Late Jurassic chemosynthetic carbonate mounds of Svalbard (arctic Norway) - preliminary results

 

Hans Arne Nakrem, University of Oslo (Norway)
Øyvind Hammer, University of Oslo (Norway)
Jørn H. Hurum, University of Oslo (Norway)
 

 

Carbonate mounds, interpreted as being associated with cold seeps, outcrop in the Late Jurassic dark silt- to paper-shale succession (Agardhfjellet Formation, Slottsmøya Member) of the Knorringfjellet area, Spitsbergen, Svalbard. Analyzed samples from one of these mounds include zoned (botryoidal) carbonate of varying yellow to brown colour, fissure-infilling sparite, and bivalve and ammonite shell material. Pyrite films are commonly developed between the different carbonate generations. The macrofauna consists mainly of small to medium sized bivalves (10 mm), rare brachiopods as well as serpulid worm tubes as interpreted from petrographic thin sections. Embedded ammonites are considered to be ex situ.

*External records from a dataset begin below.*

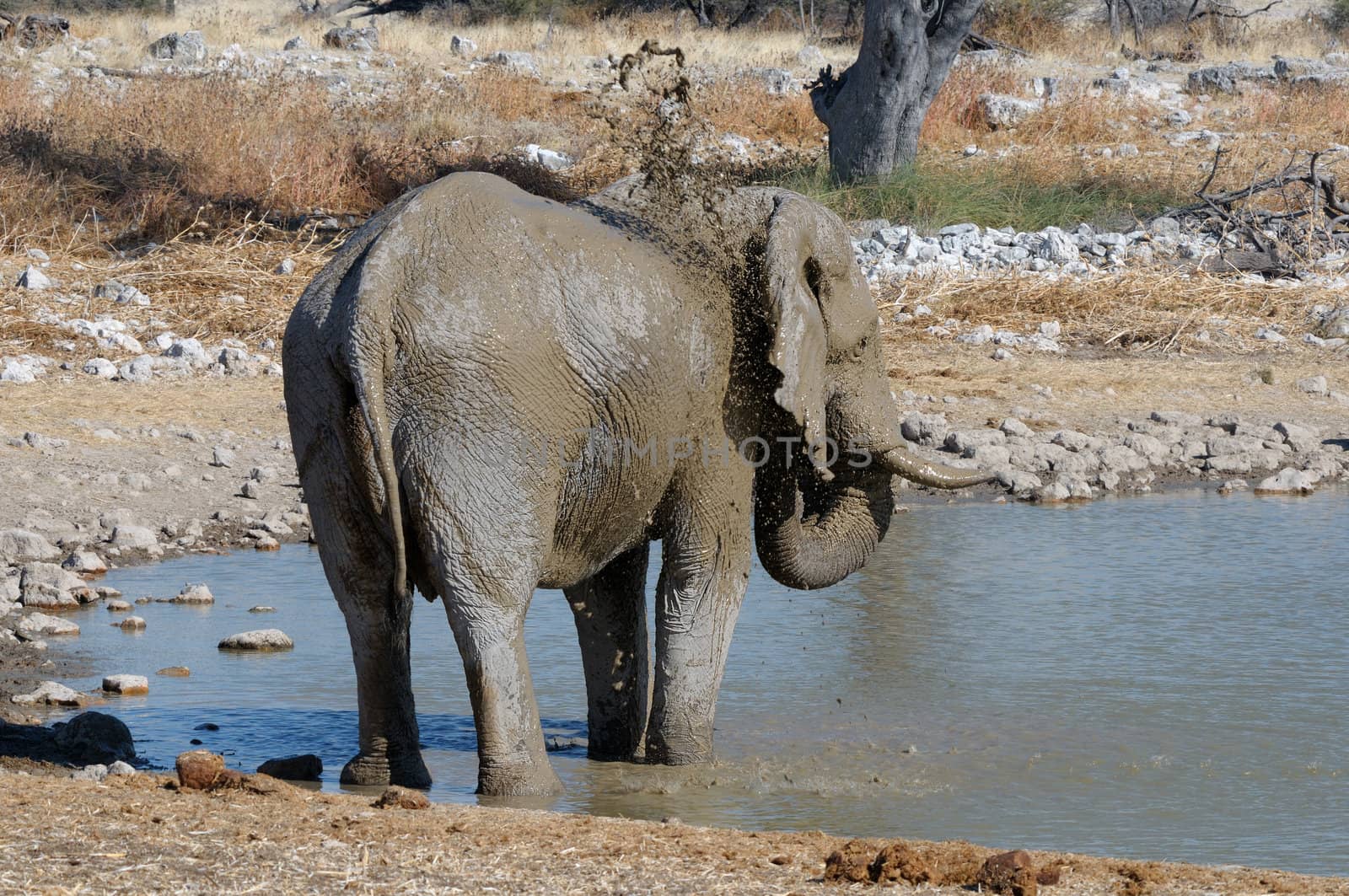 An Elephant taking a mud bath at the Okaukeujo waterhole, Etosha National Park, Namibia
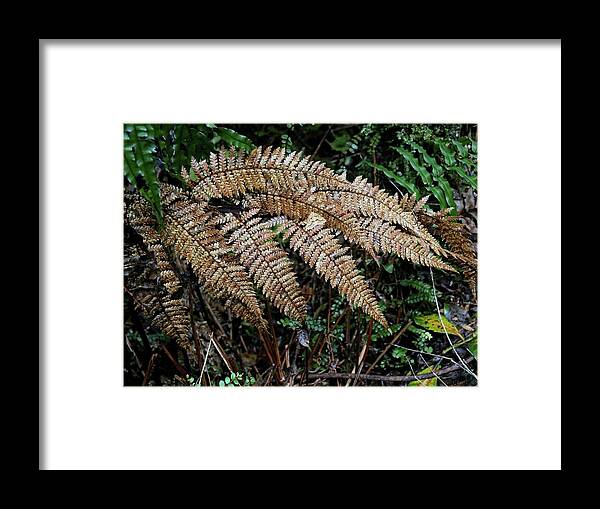 Ferns Framed Print featuring the photograph Fern leaves close up by Martin Smith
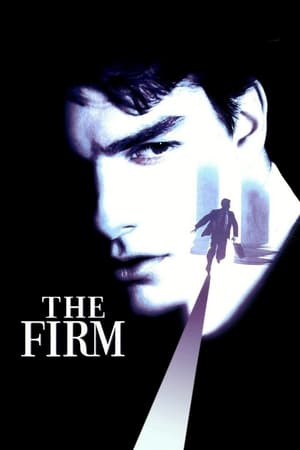 The Firm (1993) Hindi Dual Audio [980MB] - Movierulz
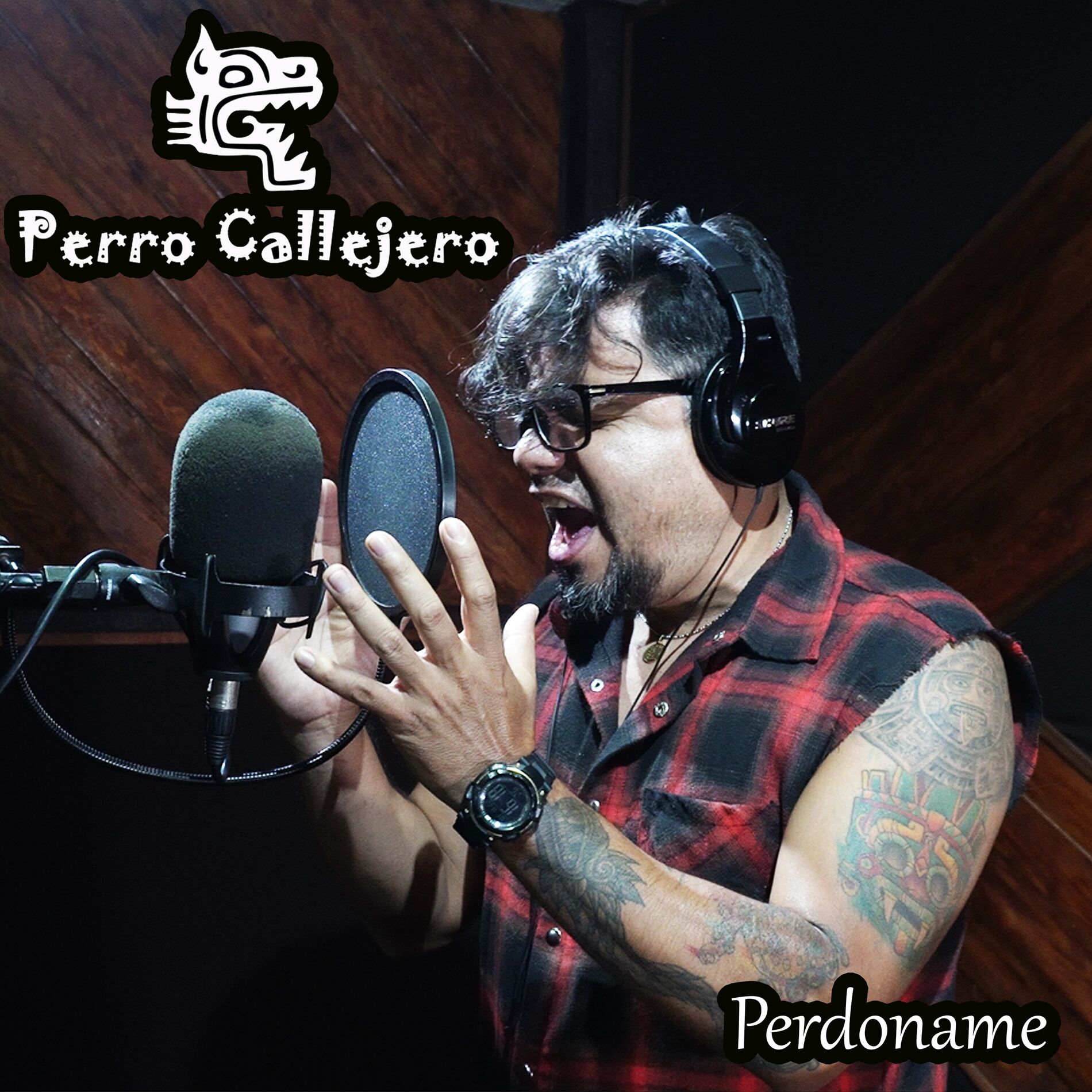 Album cover of Perdoname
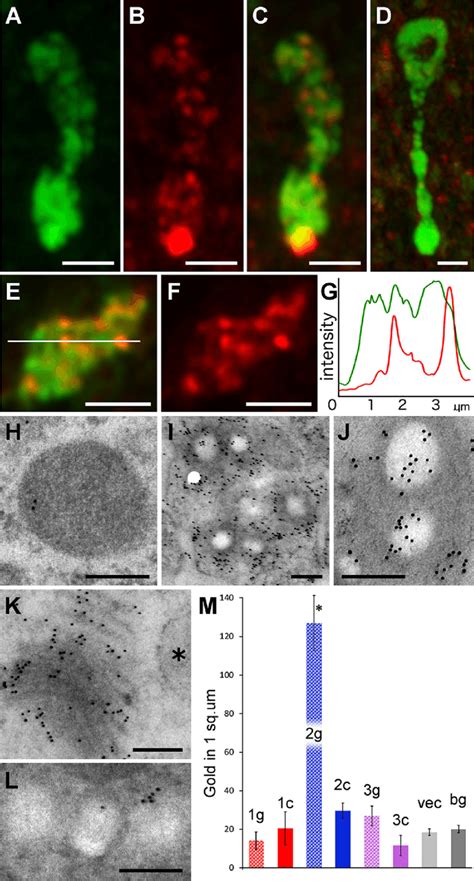 Localization Of Mucus And Endomorphin Immunoreactivity In Type Gland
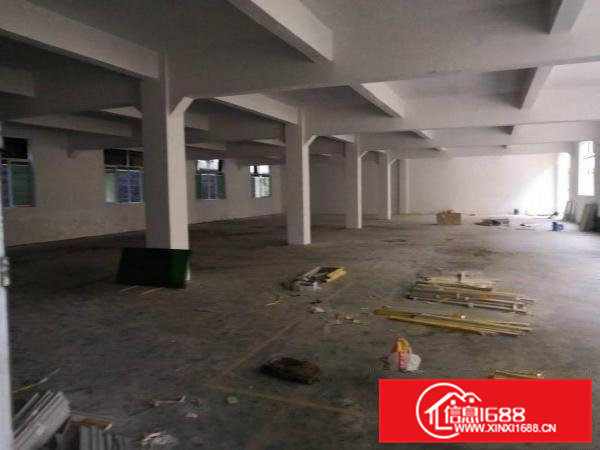 工业区标准厂房一楼800平方米出租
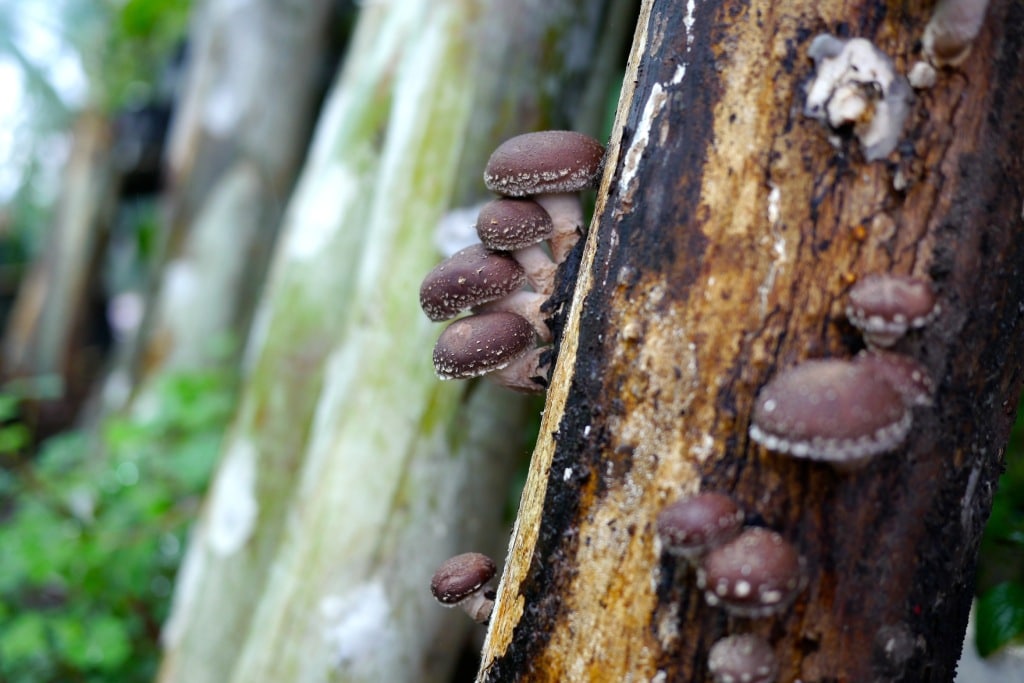 Homegrown Shiitake Logs harvest time Milkwood permaculture courses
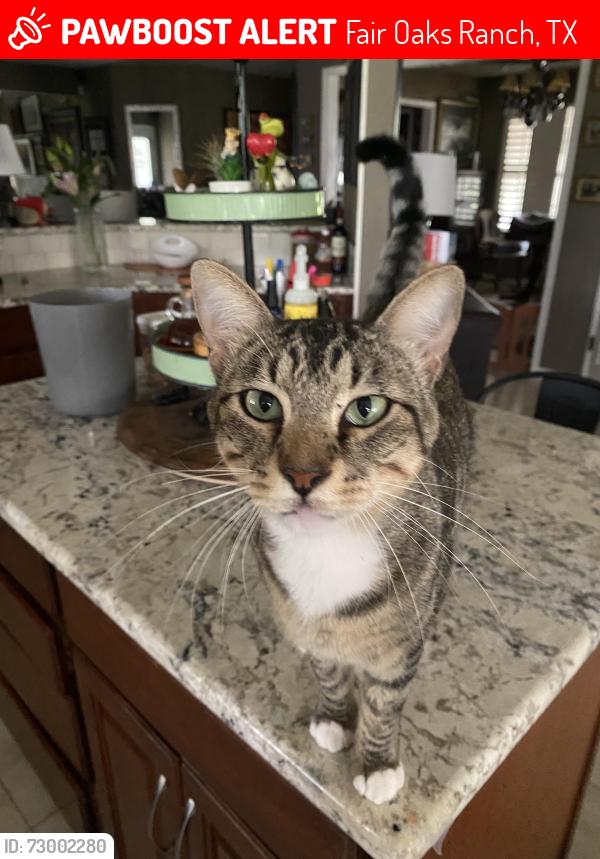 Lost Male Cat last seen Keeneland Dr and Ralph Fair Road, Fair Oaks Ranch, TX 78015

The results of the stable isotope analyses show very negative δ13C values (δ13C ≈ -37‰ VPDB) in the zoned carbonate samples whereas the sparite, ammonite and bivalve samples form a separate group at δ13C ≈ -22‰. The high δ13C depletion indicates a methanogenic origin for the carbonate. The value of δ13C ≈ -37 ‰, in the primary authigenic carbonate is in the range typical of thermogenic, rather than biogenic ( -60‰ PDB) methane. The ammonite shell was secreted by a presumably pelagic organism, and would originally have a normal-marine isotopic composition. The observed δ13C value of -25‰ in the ammonite sample can be explained by recrystallization with introduction of light carbon from the authigenic carbonate.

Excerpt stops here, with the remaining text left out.